◆ ASSIGNMENT:
Beginning with the line that has "The portrait of" and ending with the line that has "green dragon flying", retype the entries below exactly, except for the pictures.

◆ RECORDS SUPPLIED:
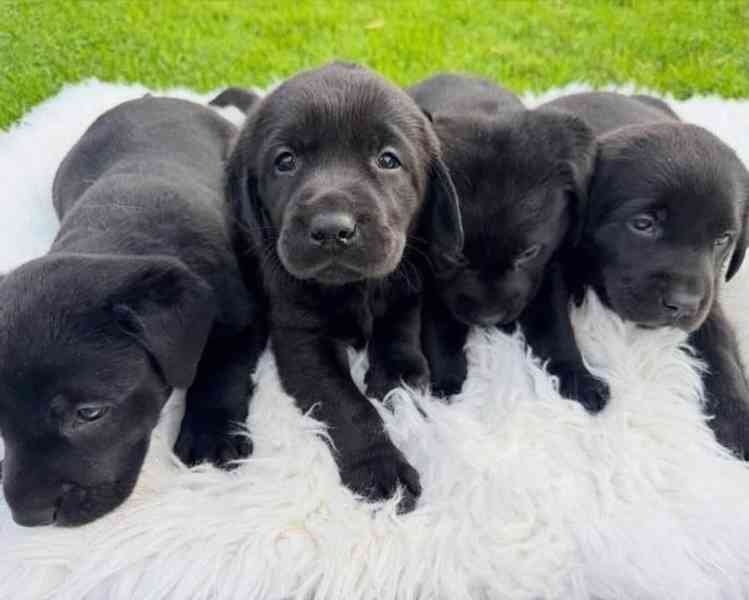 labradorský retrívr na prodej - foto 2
---
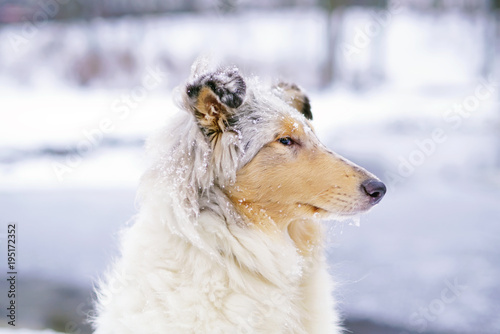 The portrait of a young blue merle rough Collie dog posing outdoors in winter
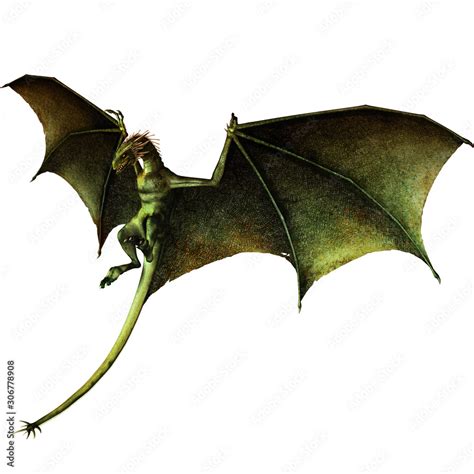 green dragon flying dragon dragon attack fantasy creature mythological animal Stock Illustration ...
---
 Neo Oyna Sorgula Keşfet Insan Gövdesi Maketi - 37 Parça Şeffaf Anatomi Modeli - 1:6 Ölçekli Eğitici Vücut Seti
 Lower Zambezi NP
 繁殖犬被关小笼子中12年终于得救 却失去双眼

◆ SOLUTION:
 The portrait of a young blue merle rough Collie dog posing outdoors in winter
 green dragon flying dragon dragon attack fantasy creature mythological animal Stock Illustration ...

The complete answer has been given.